__The data__
##############################

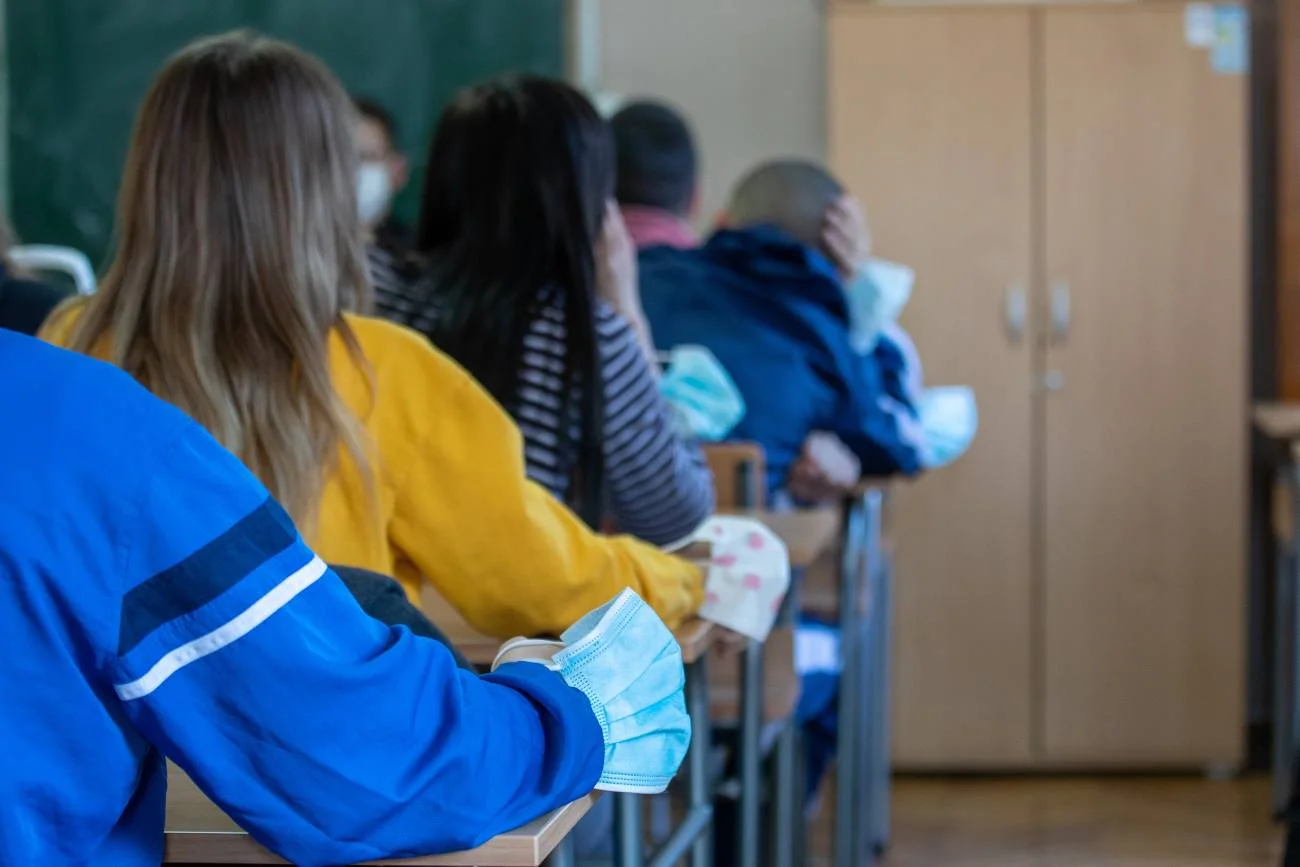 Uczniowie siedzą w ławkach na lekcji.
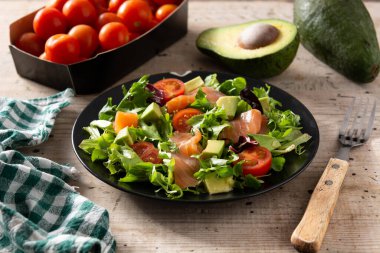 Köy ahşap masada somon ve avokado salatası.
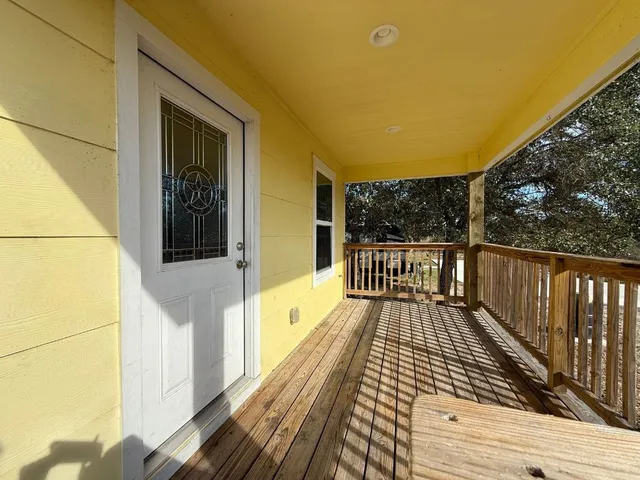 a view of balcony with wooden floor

##############################

__Instructions for the task__
Leave out every picture, and copy exactly the lines from the line that contains "Köy ahşap masada somon ve avokado salatası." through the end of the material.

__Solution for this task__
 Köy ahşap masada somon ve avokado salatası.
 a view of balcony with wooden floor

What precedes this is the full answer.